Good madam!

The note on Genius suggests that this line is evidence that Hamlet knows the drink is poisoned.

I don’t see it.

I see how it COULD be possible.

But it is certainly not evidence.

For one thing, this line is as open as the most open scene. It could be a way to say, “What the heck, mom!”

He could be responding to his mother drinking and given that we know how Hamlet feels about Claudius’ drinking, it’s possibly not positive.

Or it could be a way to accept the toast. It could be a cheers, or a response to the cheers. It could be a salute.

It could be a way to accept the toast. It could be a cheers, or a response to the cheers. It could be a salute.

It could be punctuated as

Good, madam.

Like. Good.

The exclamation point that some editor put here might lead one toward an expression of alarm – but still…

I feel that if Hamlet really thought the cup was poisoned and he really wanted to prevent his mother from drinking it, he’d do more than say “Good madam.” There’s a lot more effective ways to prevent someone from drinking a glass of wine.

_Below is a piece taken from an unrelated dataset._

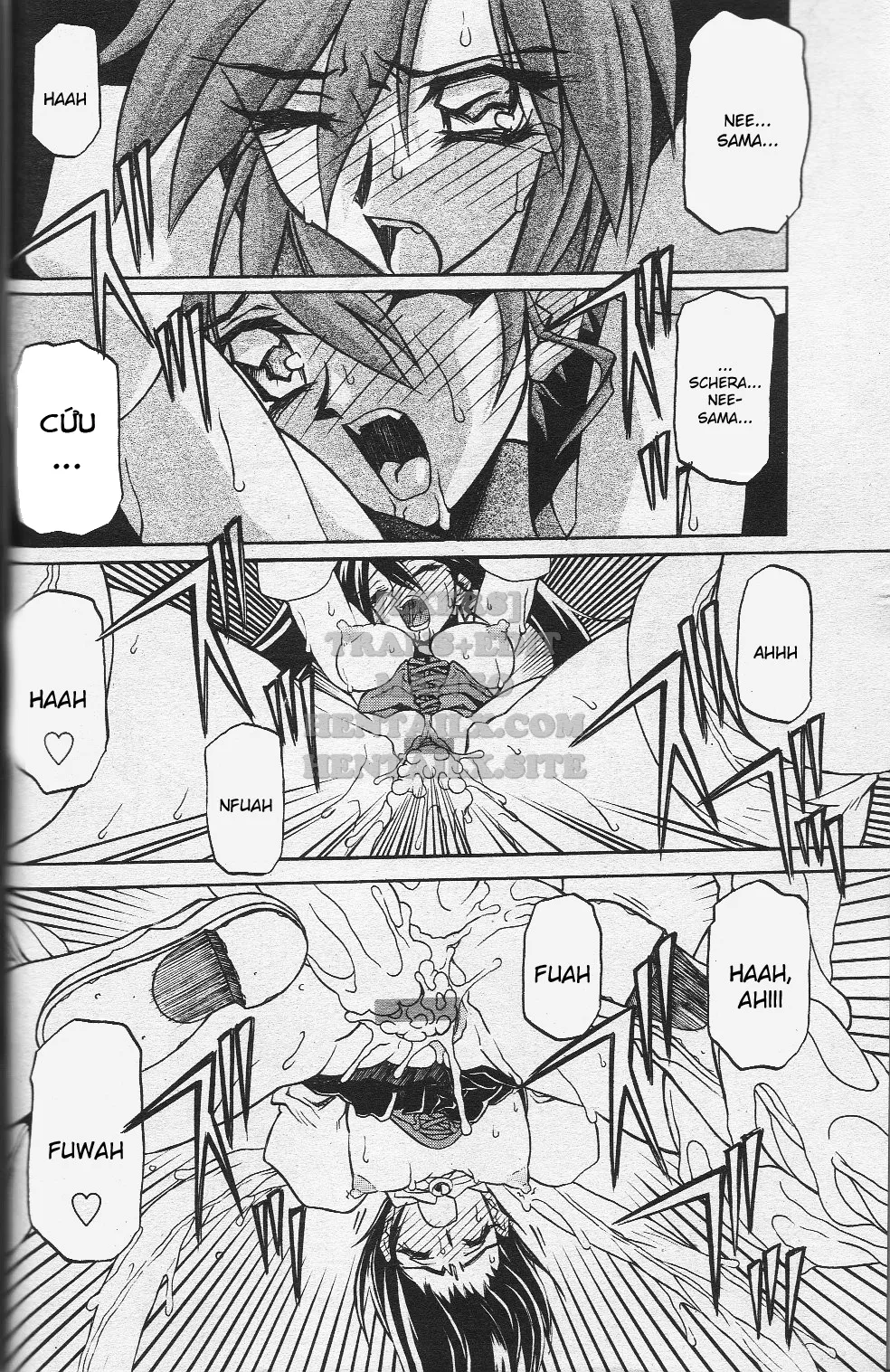 chapter-12-6
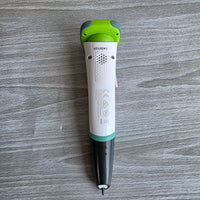 
              Leapfrog Leapstart Go Pen Bundle + 11 Books  - Tested Working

Also – the notion that Gertrude knows it’s poisoned, too, and drinks it, is equally bonkers. Again, I see how it COULD be pushed in that direction but it lacks a clear motivation. Why not just spill it if she’s trying to keep Hamlet from drinking? What reason could she have for killing herself?

I mean, you could invent some, sure – she is stuck between a rock and a hard place with her husband and her son – but killing herself doesn’t SOLVE that – it just gets her out of it. I feel like we’d need a whole lot more back story to buy a Gertrude who drinks poison on purpose.